=== Exercise inputs ===
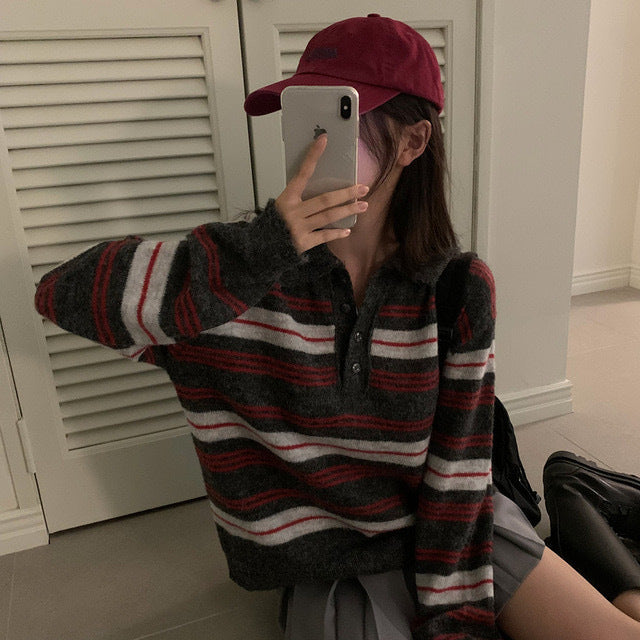 Contrast Color Loose Long Sleeve Striped Sweater Sweater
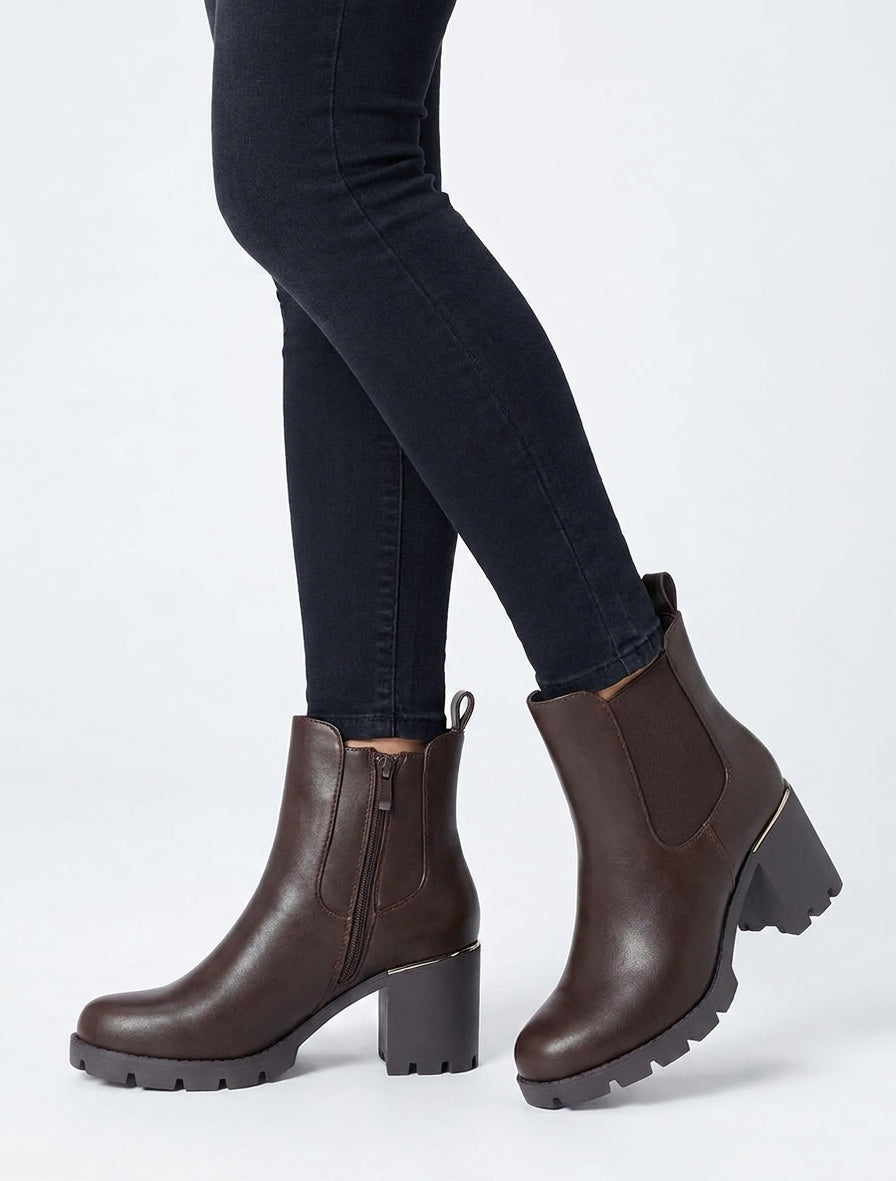 Bottines talon bloc métal - Marron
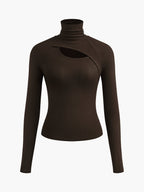 Ottoline | Cut-Out Turtleneck Long Sleeve Fitted Top
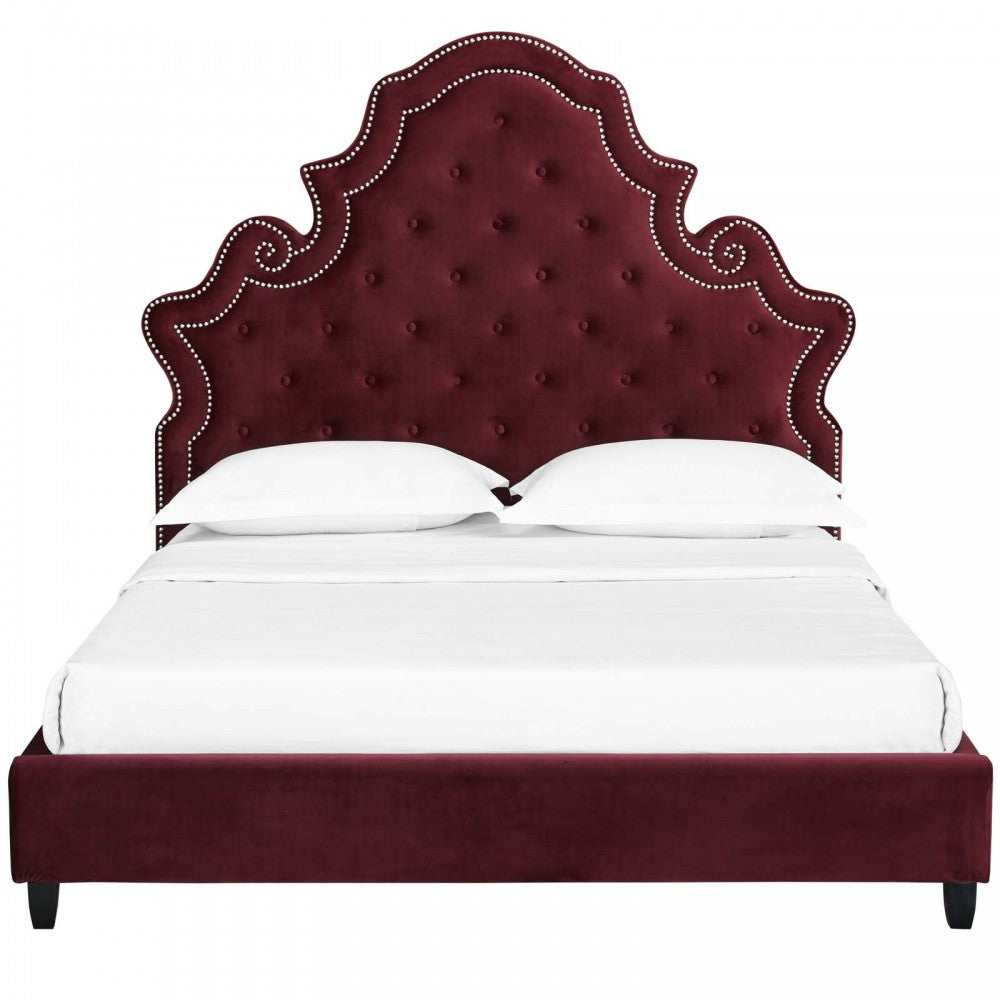 Valentina Queen Tufted Nailhead Performance Velvet Platform Bed, Maroon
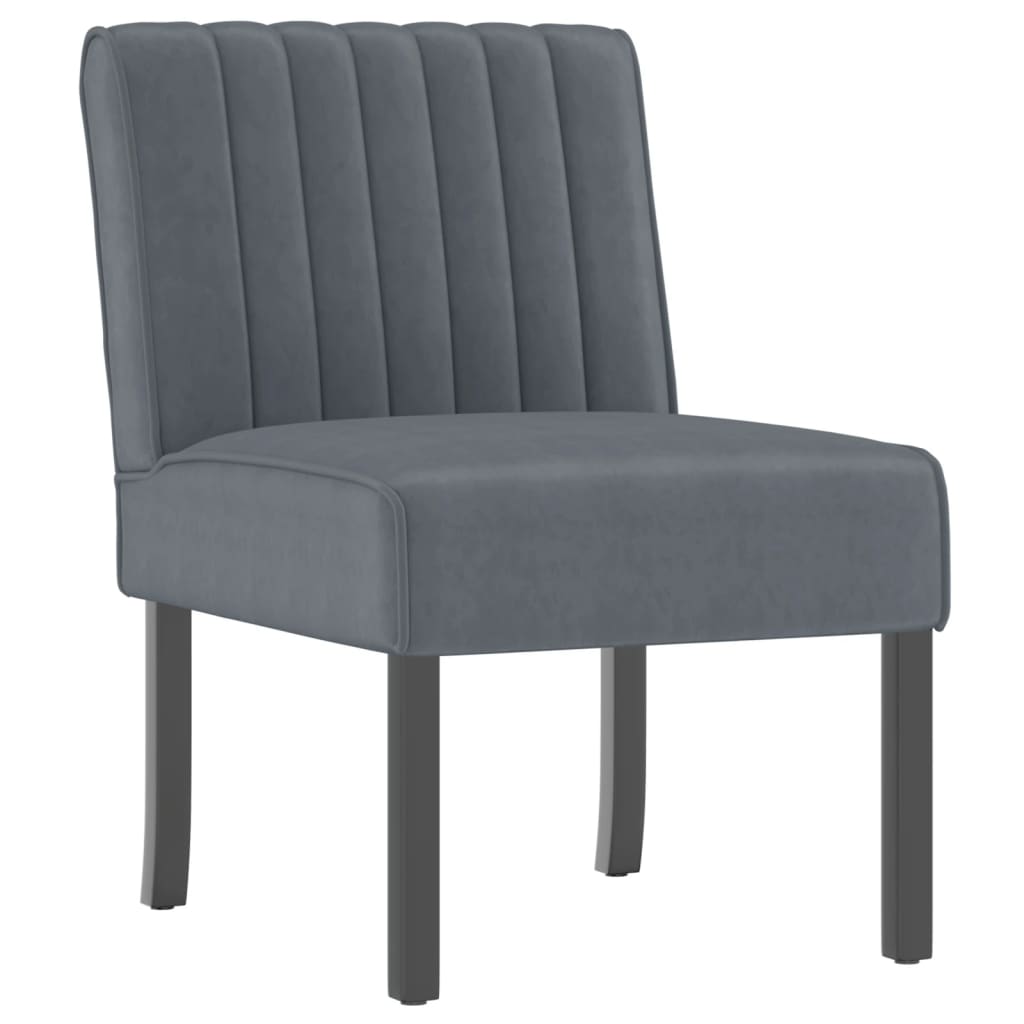 Fauteuil sans accoudoirs gris foncé velours - XIOS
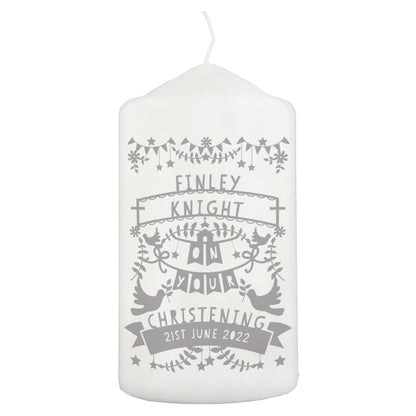 Personalised Grey Papercut Style Pillar Candle - MK&JD Gifts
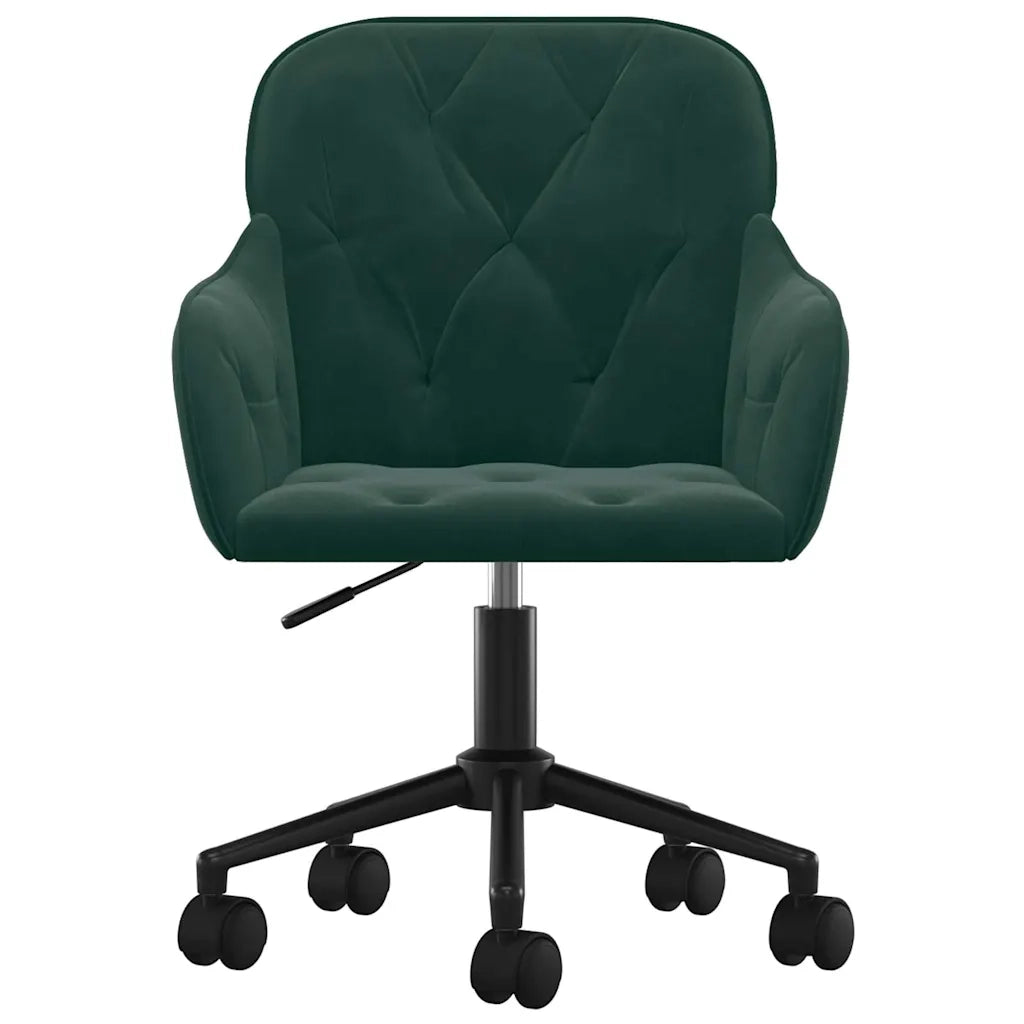 Sedia da Ufficio | Sedia da Gaming Girevole Verde Scuro in Velluto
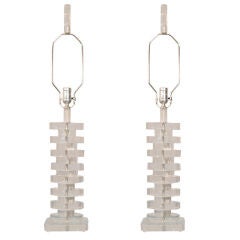 PAIR OF STACKED LUCITE LAMPS PAIR OF STACKED LUCITE LAMPS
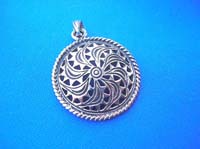Fan shape bronze pendant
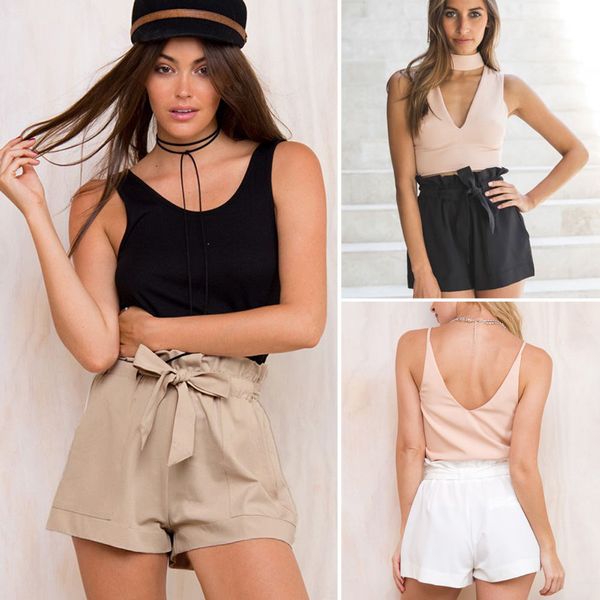 

women pants summer casual shorts beach high waist knee length solid short pants, Black;white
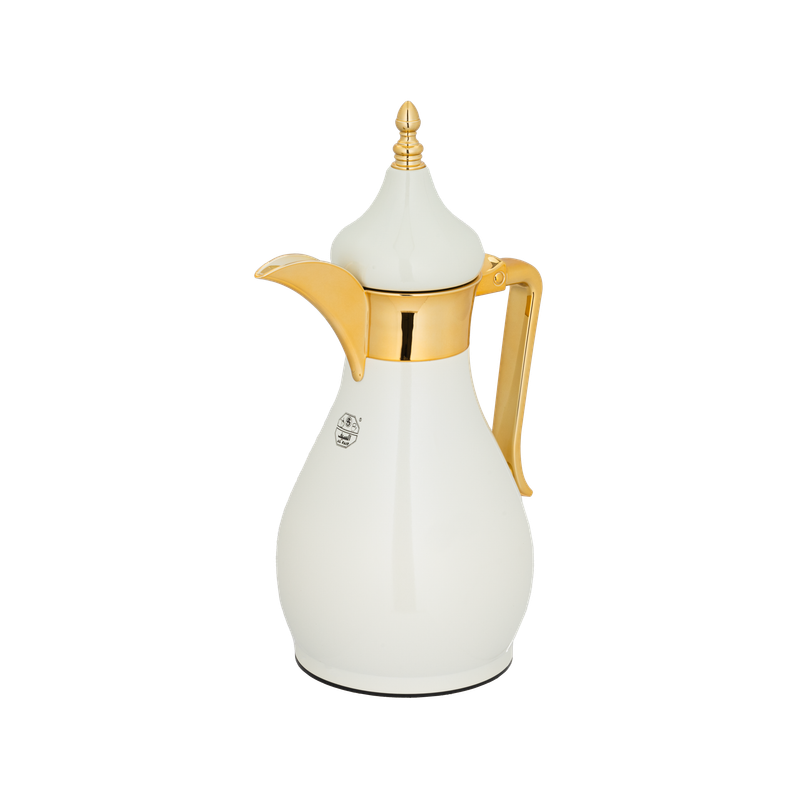 ترمس سخاء قهوة وشاي من السيف / تصميم أنيق يناسب جميع الأذواق / مصنوع للحفاظ على حرارة المشروبات لساعات طويلة / مثالي للاستخدام اليومي في المنزل أو المكتب / متعدد الالوان والمقاسات - أبيض لؤلؤي/ذهبي - 0.6 لتر
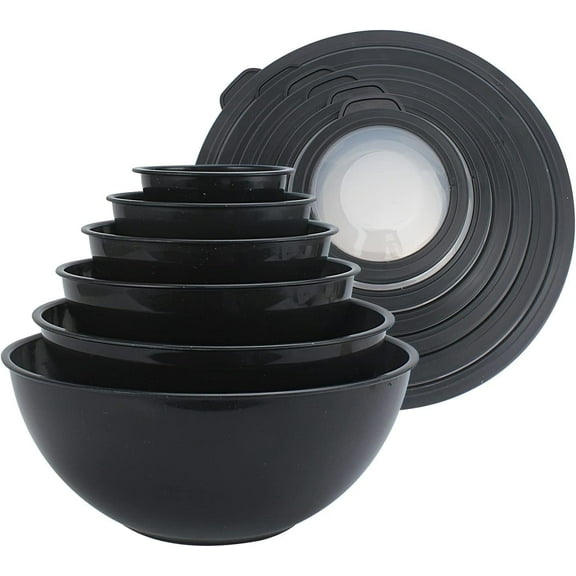 COOK WITH COLOR 12-Pc Mixing Bowls with Lids Set Plastic Bowls for Kitchen, Speckled Black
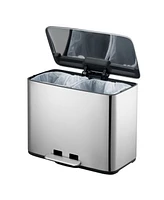 Mega Casa 14.8 Gallon Trash Can, 7.4 Gallon Dual Compartment Recycling Step-On Ss Kitchen Trash Can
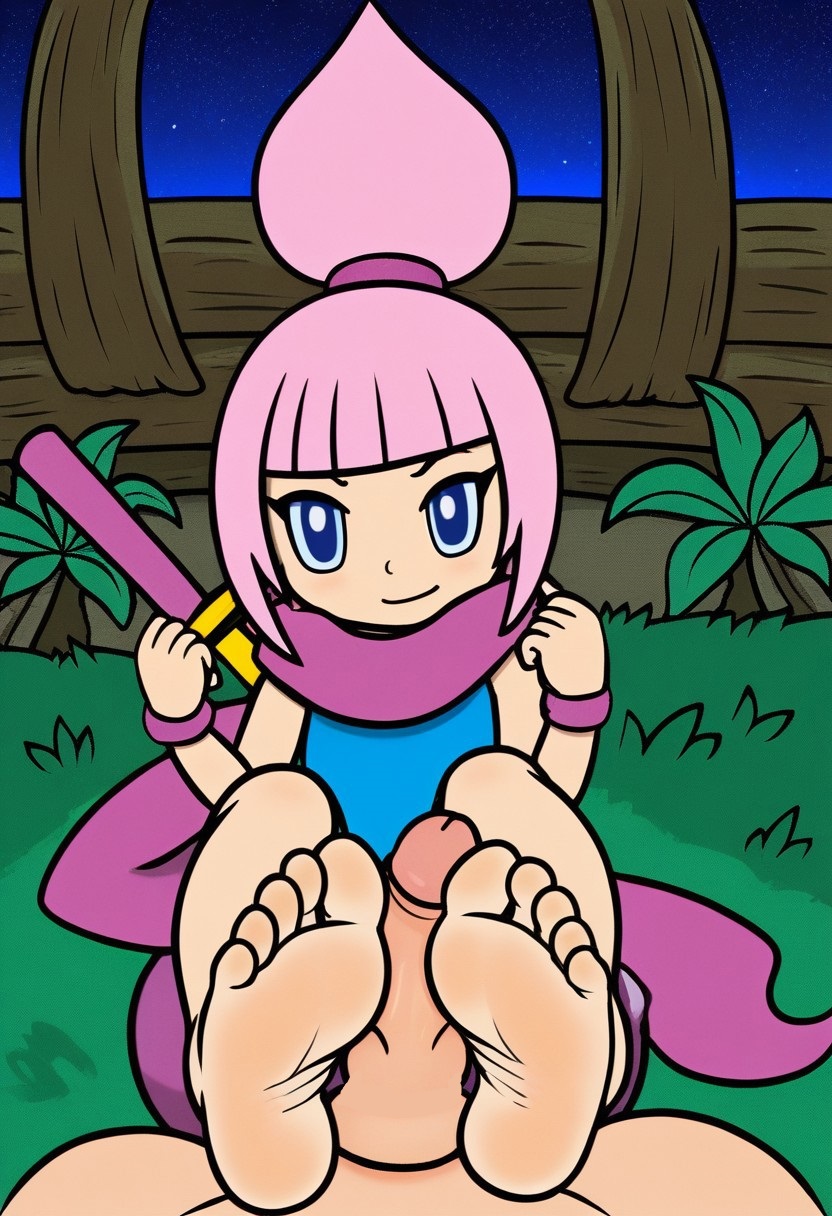 ai_generated feet foot_fetish foot_play footjob happy kat_(warioware) nintendo pov uncensored wario_(series) warioware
===
# What you should do:
Leaving out every picture, repeat exactly the lines of the records from the start through the line that has "women pants summer".

# Solution to this exercise:
 Contrast Color Loose Long Sleeve Striped Sweater Sweater
 Bottines talon bloc métal - Marron
 Ottoline | Cut-Out Turtleneck Long Sleeve Fitted Top
 Valentina Queen Tufted Nailhead Performance Velvet Platform Bed, Maroon
 Fauteuil sans accoudoirs gris foncé velours - XIOS
 Personalised Grey Papercut Style Pillar Candle - MK&JD Gifts
 Sedia da Ufficio | Sedia da Gaming Girevole Verde Scuro in Velluto
 PAIR OF STACKED LUCITE LAMPS PAIR OF STACKED LUCITE LAMPS
Fan shape bronze pendant

women pants summer casual shorts beach high waist knee length solid short pants, Black;white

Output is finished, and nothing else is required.